Las Vegas Sun

March 28, 2024

Poor take a chance on lottery at check cashers

CAMBRIDGE, Mass. -- Zeituni Onyango is out of work and doesn't have much money. But every now and then, she succumbs to temptation and buys a lottery ticket at the check-cashing store.

"It's just like when I feel luck might fall I do that, like manna might come from heaven. That's when I buy it," the 49-year-old woman said recently after a visit to a check-cashing store in the Central Square neighborhood.

She's not alone.

Check-cashing stores, which critics say target those lower-income people who don't use banks, sell millions of dollars of lottery tickets around the state each year.

And that practice raises questions, for some, about whether the state is selling tickets to people who can ill afford it.

"I really question the logic of having it placed in check cashing stores," said Rep. Barbara L'Italien, D-Andover, a lawmaker who has opposed expanded gambling in the state. "My feeling about gambling in general ... is that it's a really regressive form of taxation that really preys on our poorest citizens."

"My opinion is it would be sending the wrong message to people," said Roger Swagler, a professor of consumer economics at the University of Georgia who has studied the use of check-cashing stores and other alternative financial services by lower-income people.

"If you went into your bank, you'd be pretty surprised to see somebody selling lottery tickets at the bank -- surprised and annoyed, I would think," he said.

Massachusetts State Lottery Director Joseph Sullivan said people bought the tickets voluntarily as a form of entertainment. He emphasized that lottery proceeds go toward the budgets of the state's cities and towns, and that most of the people who buy lottery tickets can afford them.

"The fact is that the lion's share of these people are average men and women who have disposable income and they select the way in which they spend their money. ... We have players in all walks of life who get excitement from the games and there are many winners every day," he said.
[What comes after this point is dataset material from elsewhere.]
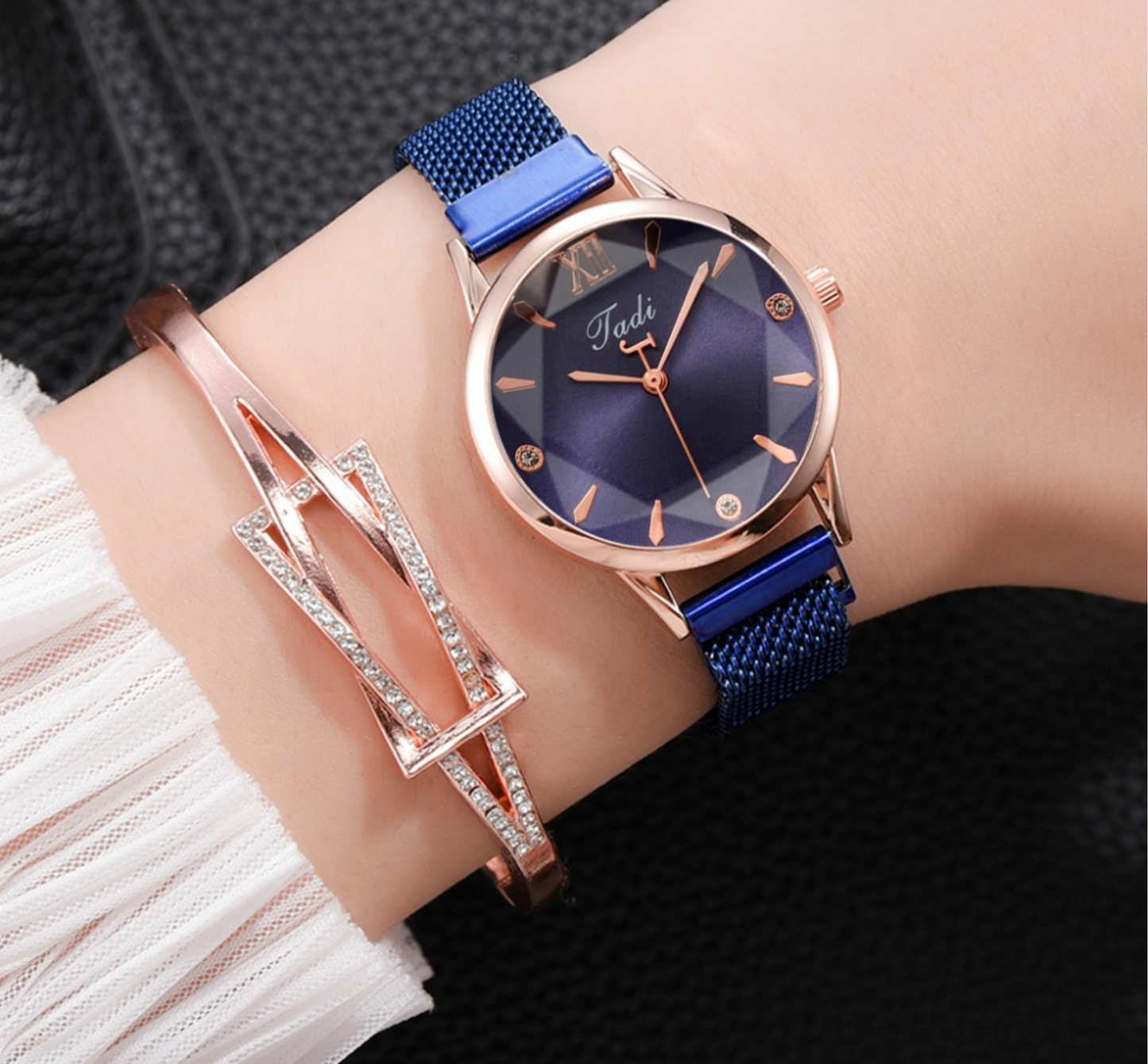 Blue Bezelled Mesh Strap Watch With Geometric Crystal Bracelet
State banking regulators have issued 88 check-cashing licenses to stores around the state. The licenses are required when anyone charges more than $1 to cash a check. In the 2002 fiscal year, 61 of those licensees sold more than $32 million in lottery products, according to an Associated Press review of state lottery records.

About half of the licensees were stores that listed themselves as check-cashing establishments. The rest of the licensees included liquor and grocery stores that allowed people to cash checks.
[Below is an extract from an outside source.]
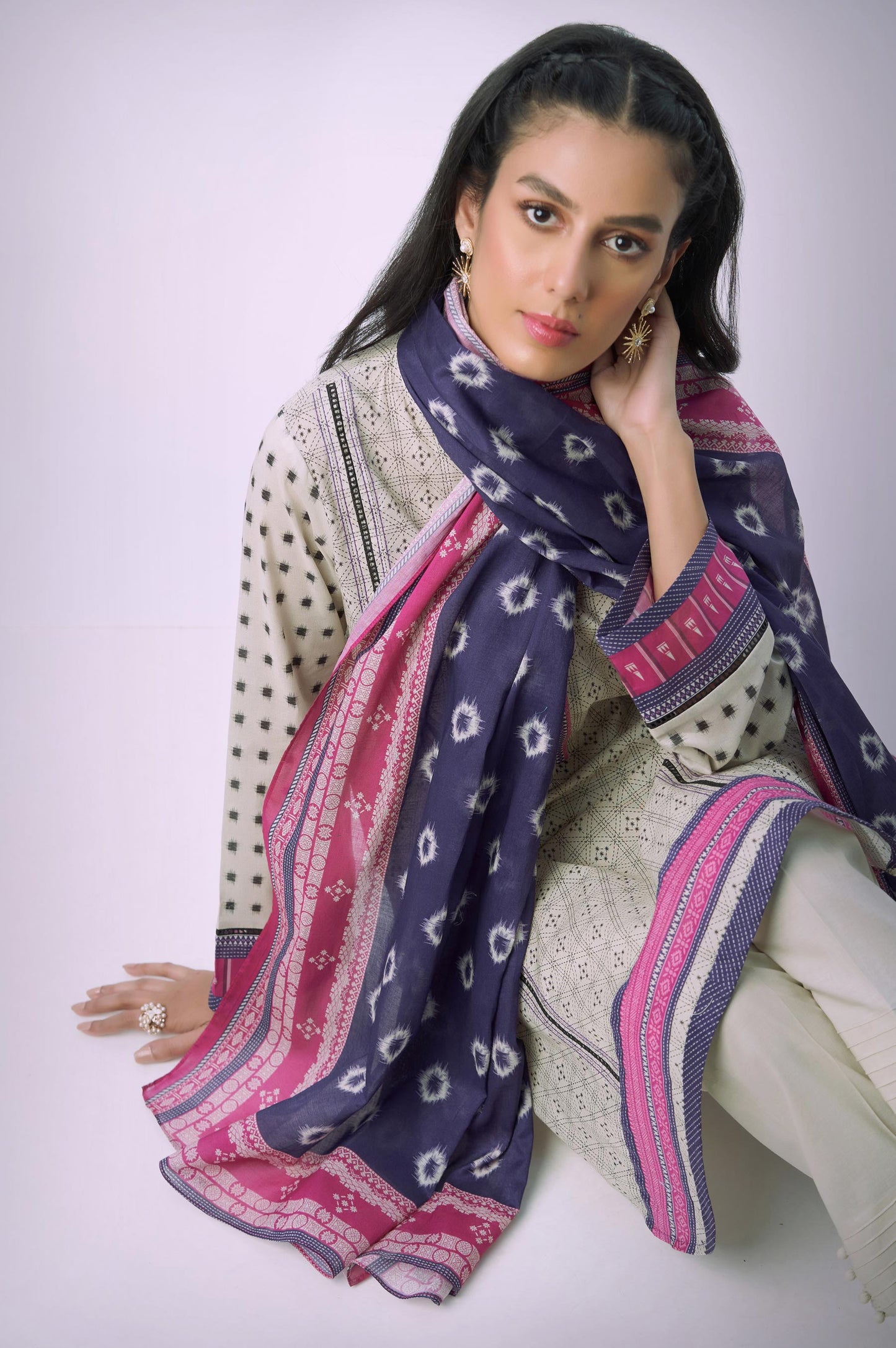 Unstitched 3 Piece Printed Lawn Suit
Lottery records also indicated that two pawn shops -- typically places of last resort for the cash-strapped -- were licensed to sell lottery tickets.
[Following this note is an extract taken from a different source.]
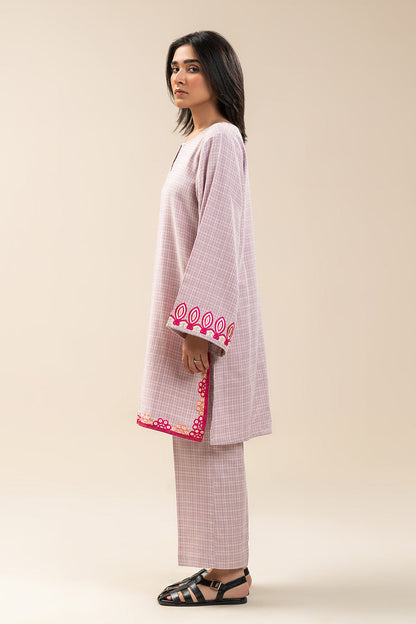 2 PIECE EMBROIDERED DOBBY SUIT (PRET)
The sales at check-cashing outlets are just a small part of statewide lottery sales, which rose to $4.2 billion from over 7,300 locations in fiscal 2002. That's an average of more than $650 spent on the lottery for every person in the state annually.

Dave Backman, general manager of Boston Check Cashers, which sells lottery tickets at most of its 20 Boston-area outlets, defended the sales, saying the company was merely doing what many other stores do.

"Our lottery sales are very low, first of all," he said. "And I don't understand why there'd be any difference between a check-cashing store selling lottery than a liquor store or any other business."

Check-cashing stores charge a fee for their services, and there's no limit on the amount they can levy in Massachusetts. Check-cashing stores must be licensed and post a schedule of their fees with the Division of Banks and Banking.

Research indicates that people who use the stores typically have incomes from the high teens up to $30,000, according to Swagler, the University of Georgia professor.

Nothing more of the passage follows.